Bagian-9

272 45 32
                                    

— 𝙋𝙐𝙕𝙕𝙇𝙀 𝙋𝙄𝙀𝘾𝙀 —

Sinb menatap layar ponselnya yang terus menyala mendapat panggilan masuk. Ibu menghubunginya, tapi sudah dua panggilan masuk ia abaikan dengan sengaja. Panggilan ketiga berakhir tanpa jawaban darinya, baru saat panggilan kembali masuk mau tidak mau ia menerimanya.

"Halo, Sinb yya. Bagaimana dengan Yuju hari ini? Coba tanyakan padanya, kapan dia mau bicara dengan Ibu lagi."

"Ibu dengar Yuju dapat medali emas lagi, ya?"

"Tidak bisa, tidak bisa, Yuju sangat keren!"

"Tolong sampaikan ini kepada Yuju, bisa? Bilang padanya kalau Ibu sangat bangga punya anak seperti Yuju."

Sinb menatap lurus ke depan dengan suara Sang Ibu yang masih terus terdengar di sana. Seperti pada panggilan-panggilan sebelumnya, yang selalu dibahas pastilah Yuju. Park Yuju memang anak kebanggaan semua orang, dia berbakat dan pantas mendapatkan semua pujian itu.

Prak!

Sinb terkejut, buru-buru ia mengambil ponselnya yang terjatuh sebab lepas begitu saja dari genggaman tangannya. Padahal, Sinb sudah memegang kuat-kuat benda pipih itu, sudah ia usahakan agar tidak jatuh seperti benda-benda lainnya yang ia genggam.

Umji datang, Sinb menatapnya sambil tersenyum tipis.

"Ya Ibu, aku juga sangat merindukan Ibu, sampai jumpa~"

Panggilan ia selesaikan begitu saja, kemudian ia menyambut kedatangan Umji dengan menepuk bangku kosong di sebelahnya.

"Kenapa kau tidak pergi ke kantin?" tanya Umji. "Serius, kau tidak lapar?"

Sinb menggelengkan kepalanya. "Tidak."

"Siapa tadi?"

"Ibu."

Umji melipat kedua tangan di bawah dada sembari mendelik, kemudian dengan tanpa izin ia menyandarkan kepalanya pada bahu Sinb yang menganggur. Sinb menoleh padanya, dan kembali menatap lurus ke depan.

"Pasti menyenangkan punya Ibu yang perhatian, bisa dengar suaranya, dapat perhatian," celoteh Umji. "Aku ingin Ibu yang cerewet, Ibu yang cerewet itu penyayang, tahu."

"Begitukah?"

Umji mengangguk. "Dan kau beruntung, Sinb. Ibumu tidak pernah bosan menghubungi dirimu, mengucap kerinduan padamu. Dirindukan Ibu itu pasti menyenangkan, bukan begitu?"

Sinb manggut-manggut sebagai jawaban, dia tidak ingin bicara panjang lebar. Rasanya sudah cukup menghadapi sikap ibunya yang lebih perhatian kepada Yuju—kakak kandungnya. Yuju itukan sepuluh tahun tinggal bersama Sang Ibu, sedangkan Sinb dari bayi merah tidak dipedulikan.

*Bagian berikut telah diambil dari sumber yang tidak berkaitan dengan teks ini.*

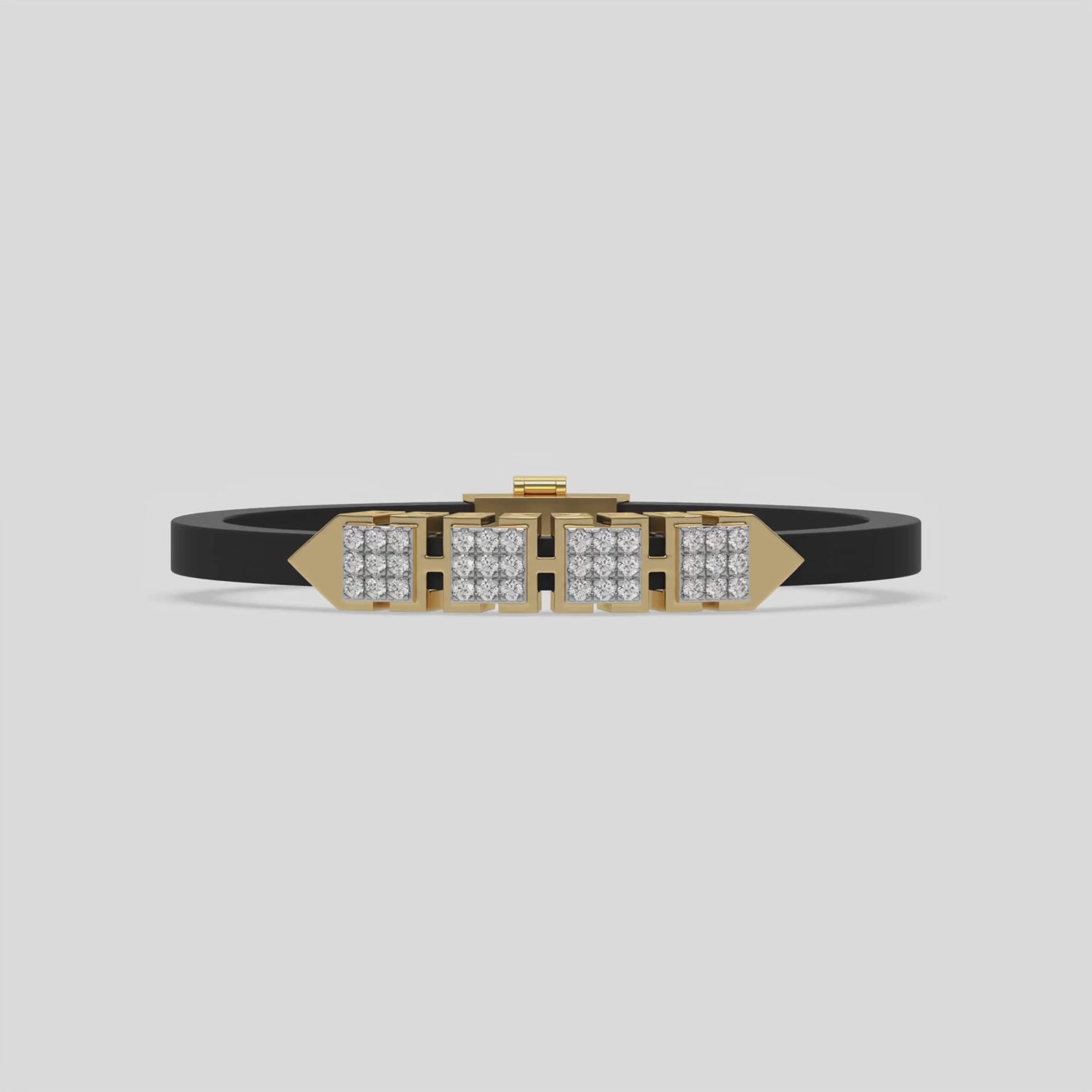 This video features a yellow gold  axel diamond rubber bracelet features two box motifs in the center and two box motifs with arrows on each end. The bracelet elegantly showcases 36 diamonds set in a four-prong setting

"Iyakan?" tanya Umji seraya menengadah, ia merangkul lengan Sinb sekarang. "Senang punya Ibu yang cerewet itu? Omelan Ibu itu tidak pernah aku dengar, aku mau dengar."

"Jangan, deh," kata Sinb.

"Kenapa?"

Sinb mengangkat kedua bahunya tidak tahu. Tapi, sebenarnya dia sudah memiliki jawaban dari pertanyaan Umji. Tidak semua ibu cerewet itu penuh dengan kasih sayang, tidak semua ibu yang cerewet itu membuat nyaman.

"Tanganmu dingin sekali," ucap Umji begitu menyentuh telapak tangan Sinb. "Kau baik-baik saja, kan?"

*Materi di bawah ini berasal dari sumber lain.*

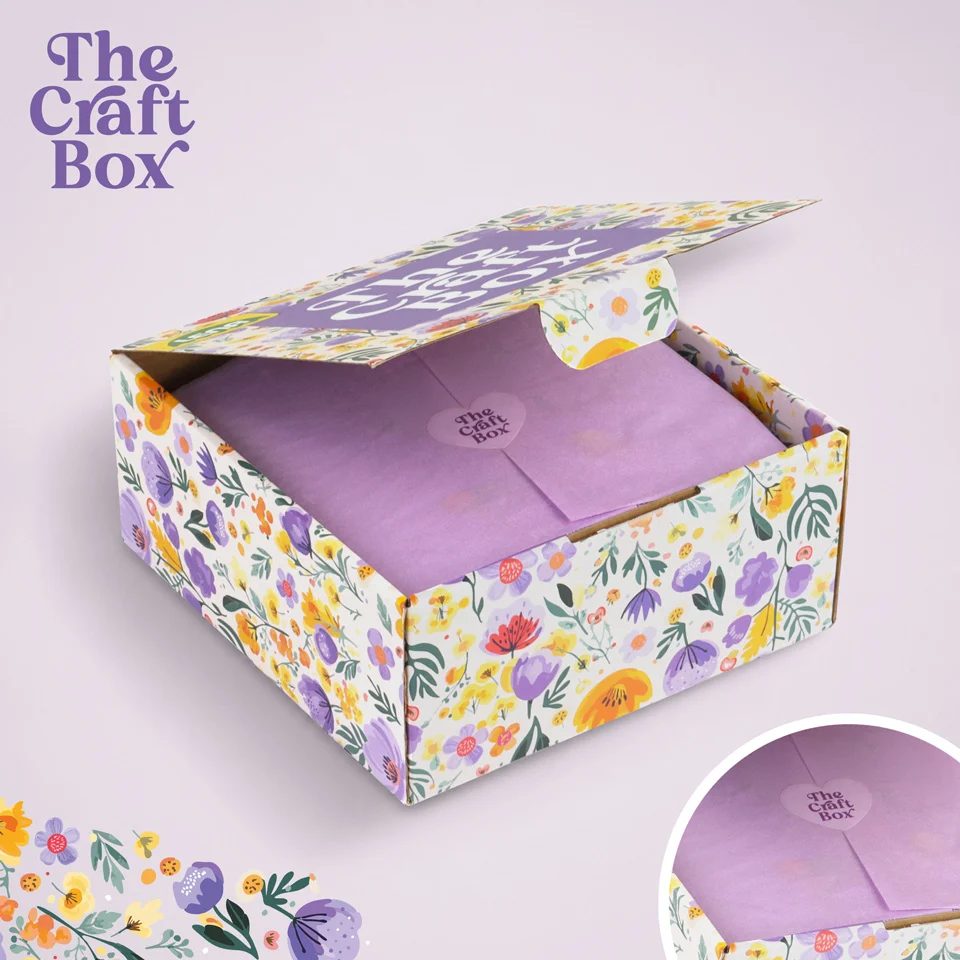 Offene Schachtel mit Blumenmuster und violettem Papier im Inneren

"Sesungguhnya," balas Sinb, Umji menatapnya dengan lamat. "Aku ini seorang vampir."

Bibir Umji bergetar, detik berikutnya dia tertawa sambil tidak lupa menutup mulutnya sendiri sebab tahu bagaimana cara tertawa yang baik. Melihat dan mendengar tawa itu, justru membuat Sinb tersenyum. Senang bisa membuat orang lain tertawa.